Clarke's scripts always feature careful logical development from a slightly absurd premise to a farcical conclusion. In 1952, he was awarded a Best Original Screenplay Oscar for his script for The Lavender Hill Mob, making him one of just a handful of Britons to receive this award. He continued to work as a scriptwriter after Ealing ceased production, his later contributions including Sons and Lovers and the Disney film The Horse Without a Head.

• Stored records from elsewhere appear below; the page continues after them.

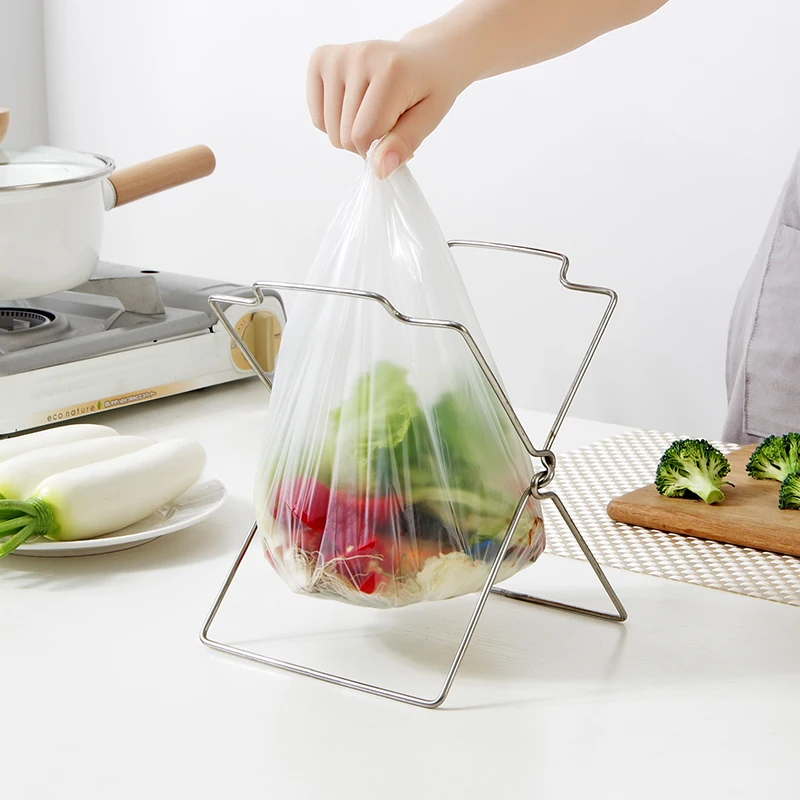 Нержавеющая сталь складной мешок для мусора мусорный полка пакета полотенце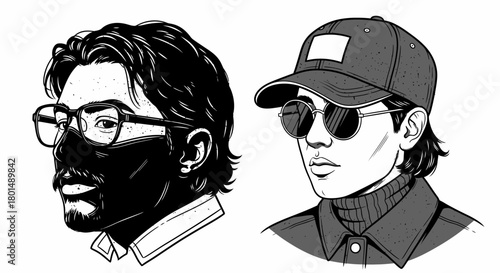 Two portraits of men with different styles and accessories.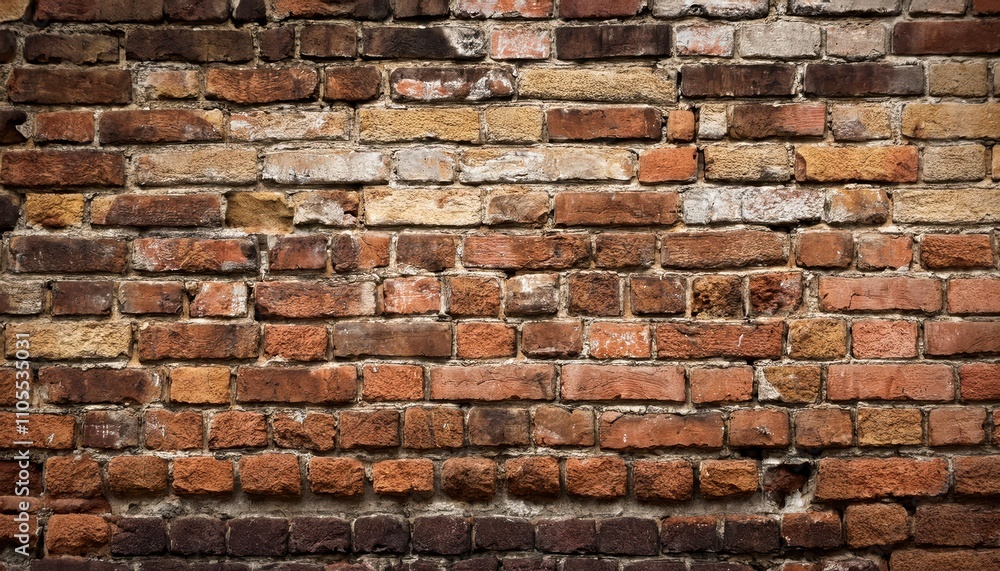 Fototapeta premium Old weathered wall made of old red bricks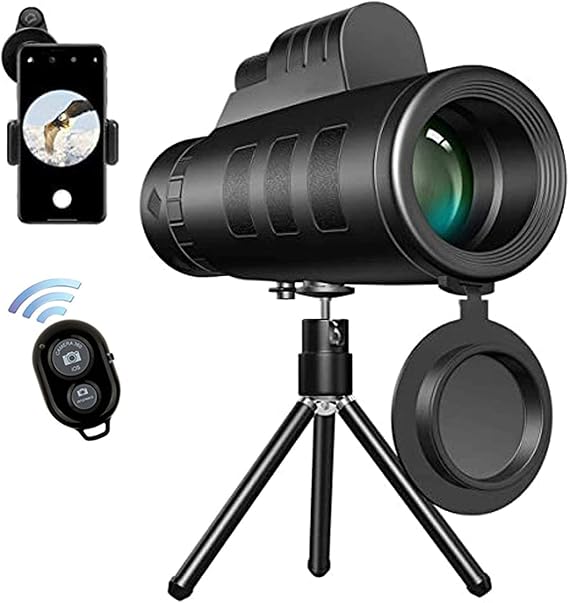 Monocular Telescope, Wireless Remote Control Set 40X60 High Magnification Monocular Telescope Mobile Phone Monoscope HD Cell Phone Bracket with Tripod, Monocular with Smartphone Holder & Tripod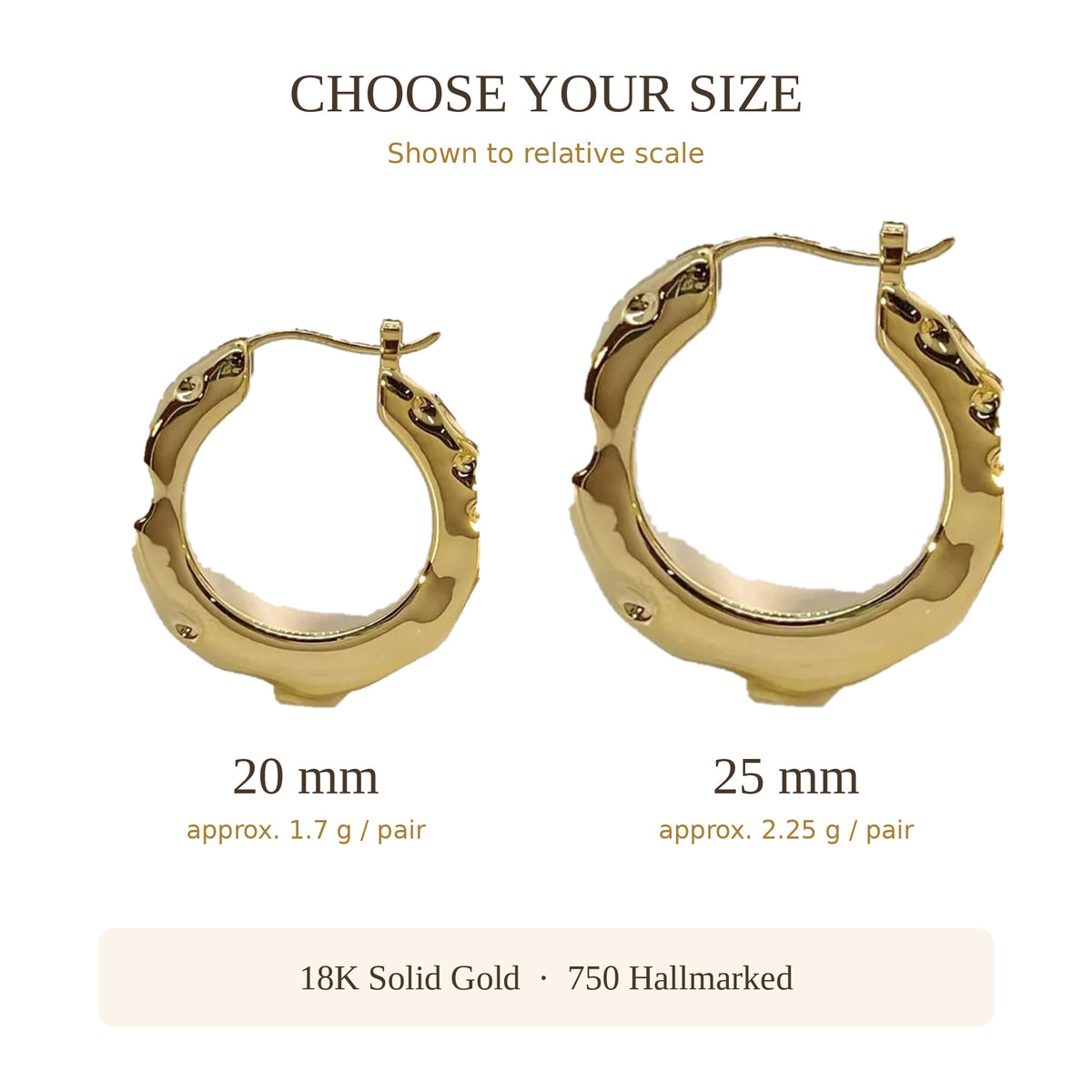 18K Solid Gold Molten Hoops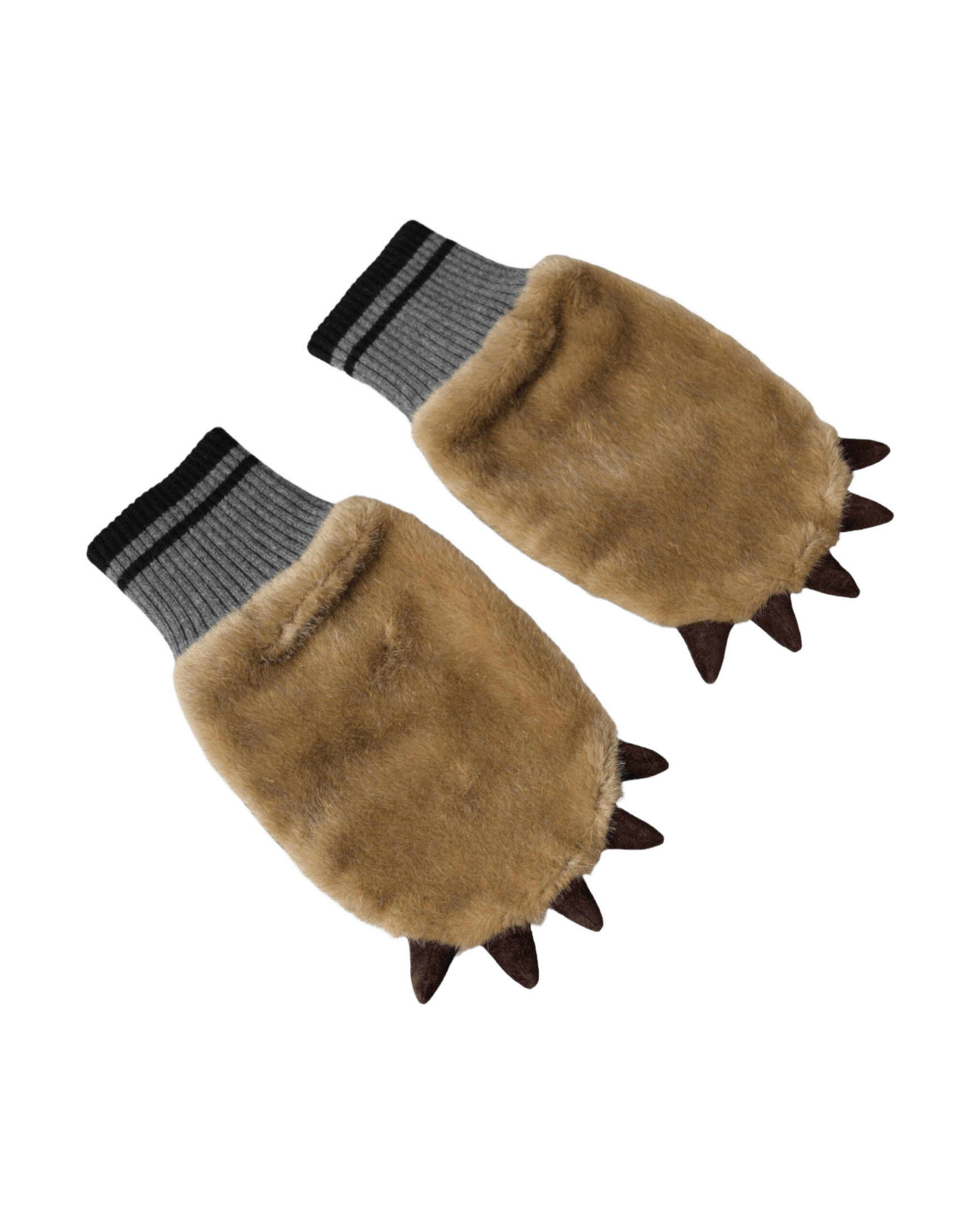 Dolce & Gabbana Acrylic Knitted Fur Wrist Mitten Beige Gloves Glam Steals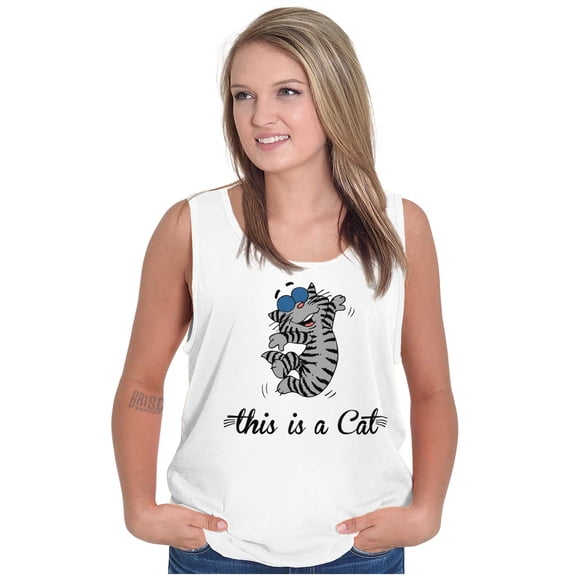 This is a Cat Funny Pet Owner Humor Tank Top Tee Shirt Women Brisco Brands S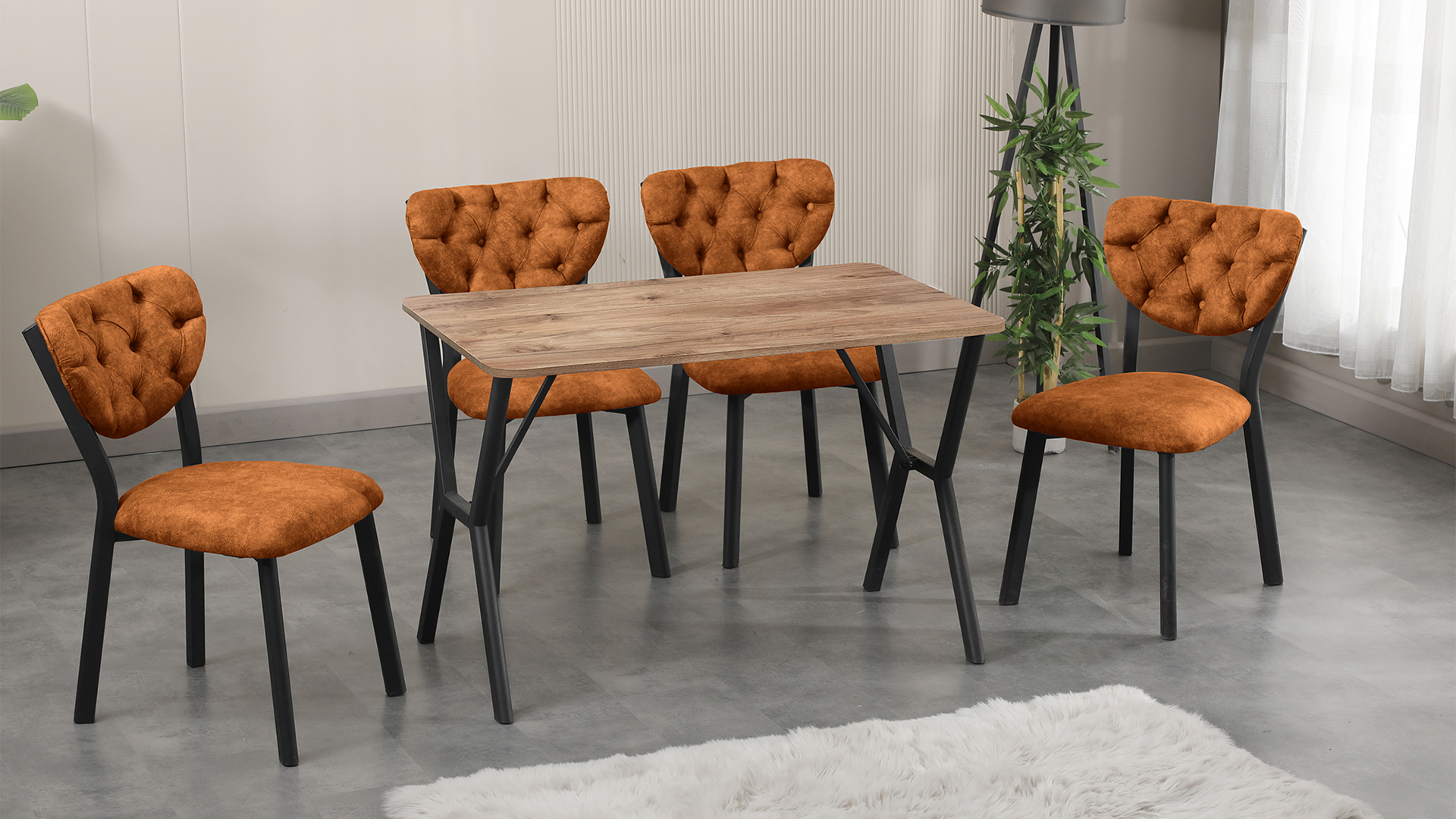 Elma Modeli Mutfak Masa Takımı 4 Sandalye  Kiremit ,1 Masa Ceviz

Clarke was also a novelist and writer of non-fiction, but presented at least one fictional work as fact. His book Murder at Buckingham Palace (1981) purports to tell the story of a hushed-up murder in the Royal residence in 1935. Despite its including 'documentary' photographs, there is no external evidence that the book is anything but pure fiction. For The Blue Lamp (1950) he drew on his experience as a war reserve constable with the Metropolitan Police during the Second World War.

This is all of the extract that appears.